WASHINGTON—The U.S. Department of Human Services Office of the Inspector General (OIG) released a review of Medicare Part B payment trends for wound care products known as skin substitutes that the office said “raises major concerns about fraud, waste and abuse.”
In March 2023, OIG issued a report that identified significant gaps in manufacturer compliance with new average sales price (ASP) reporting requirements for skin substitutes.
For payment purposes, CMS (Centers for Medicare & Medicaid Services) treats skin substitutes like approved prescription biologics, although most are regulated by FDA through much less rigorous processes. As such, providers of skin substitutes in non-institutional Part B settings are reimbursed at 106% of the ASP. In cases in which ASPs are not available (e.g., a new billing code), Medicare typically uses wholesale acquisition costs (WACs) or payment invoices to determine a payment amount.
According to the most recent review, despite efforts by CMS to address the accuracy and completeness of ASP reporting, significant increases in expenditures since the OIG report was released raise concerns about what could be driving these trends.
For example, the review reported that in just two years, Part B spending on skin substitutes has increased 640%, surpassing $10 billion annually by the end of 2024.
Despite Medicare Advantage having more than half of all Medicare enrollees, utilization and expenditures for skin substitutes under Medicare Advantage were just a fraction of utilization and expenditures under original Medicare. Among enrollees with a skin substitute claim, costs for those reportedly treated at home were four times as high as those treated in an office setting.

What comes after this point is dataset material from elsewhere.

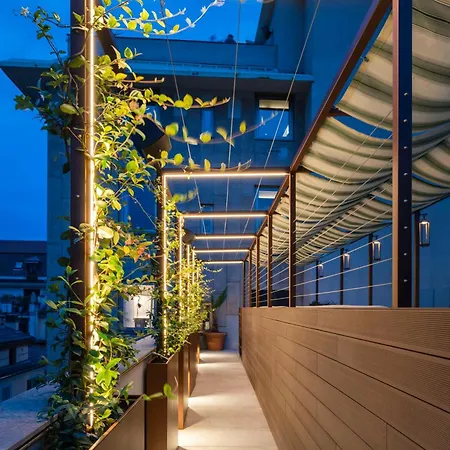 Radisson Collection Hotel, Santa Sofia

Factors that may be driving these trends include:
- Manufacturers’ ability to quickly bring new skin substitutes to the market compared to typical products paid using ASP.
- Financial incentives such as spread pricing that make certain products more attractive to providers.
According to the review, under the current payment system Medicare often pays providers for skin substitutes at amounts much higher than the providers’ purchase prices, and providers keep the “spread.”
“This creates incentives to bill for more and more units of skin substitutes and to choose products with the greatest spreads," the OIG said.
The review ended with the OIG pressing an urgent call to action for payment reforms to address these issues and noted CMS has recently taken steps to address the concerns.